= Problem description =
Everything in the listing except the pictures should be written out exactly.

= Collected data =
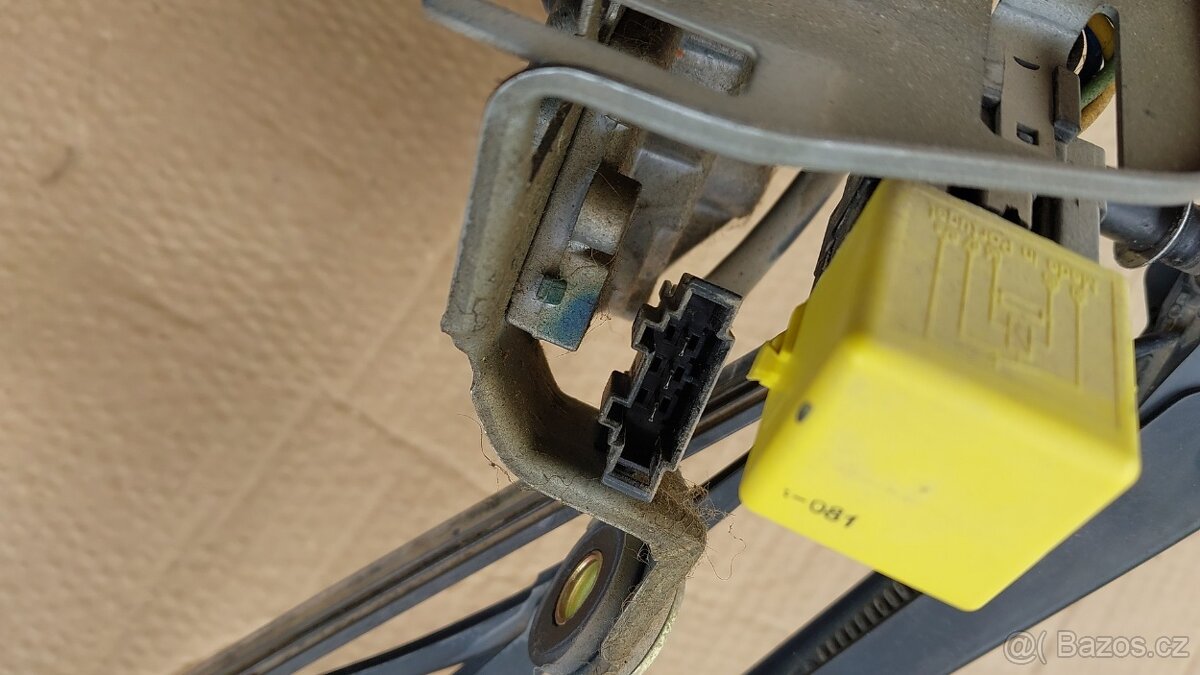 Mercedes ML 163 - Stěrač zadní - 8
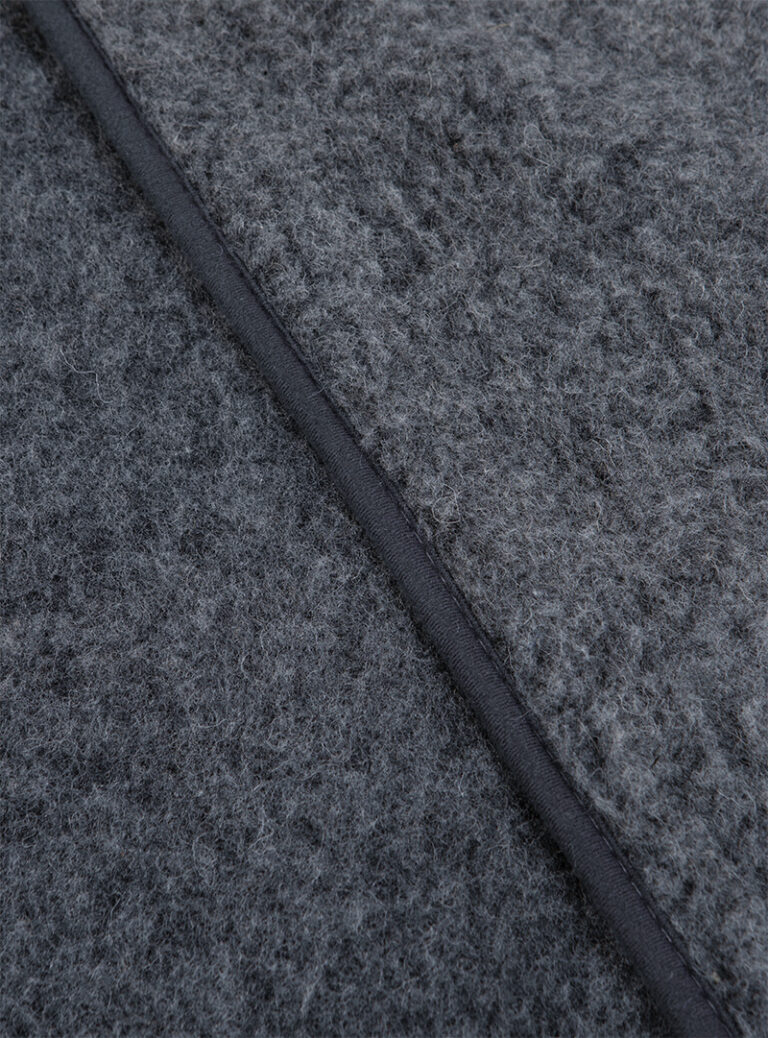 Grafitowy materiał wełniany z wyraźną strukturą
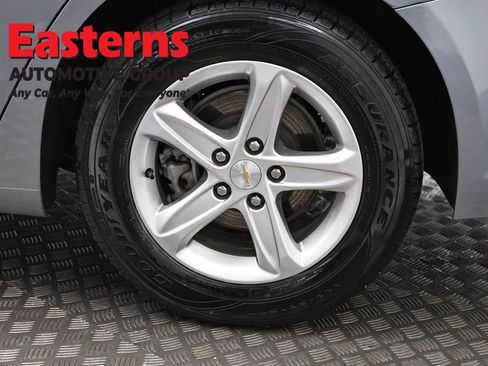 Used 2023 Chevrolet Malibu LT image 33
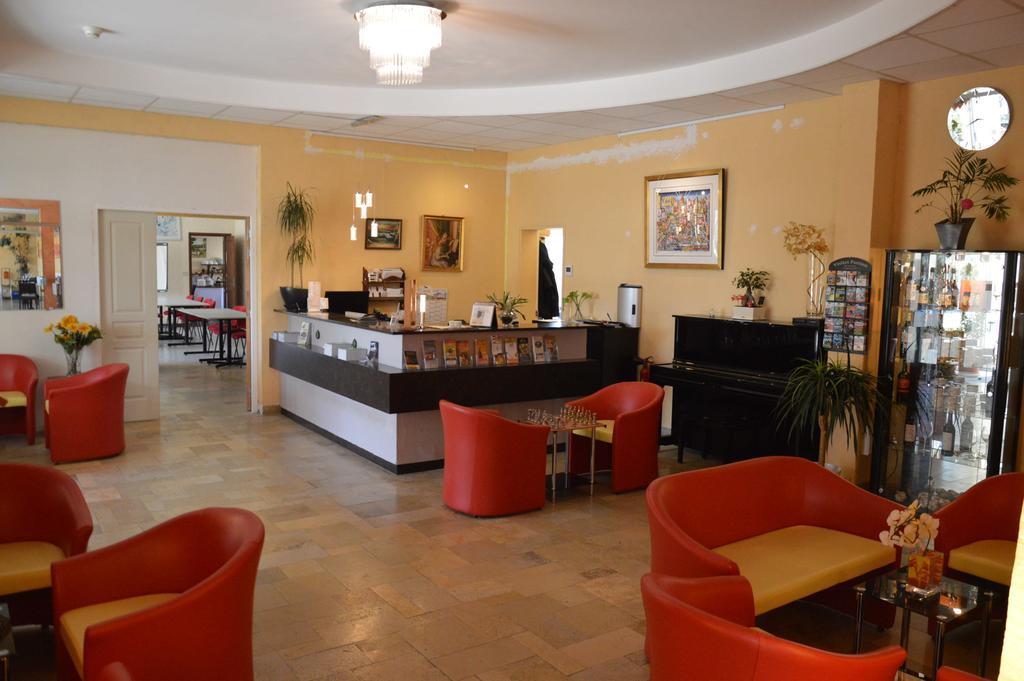 Logis Hotel & Restaurant Le Fleurance Buitenkant foto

= Result for this exercise =
 Mercedes ML 163 - Stěrač zadní - 8
 Grafitowy materiał wełniany z wyraźną strukturą
 Used 2023 Chevrolet Malibu LT image 33
 Logis Hotel & Restaurant Le Fleurance Buitenkant foto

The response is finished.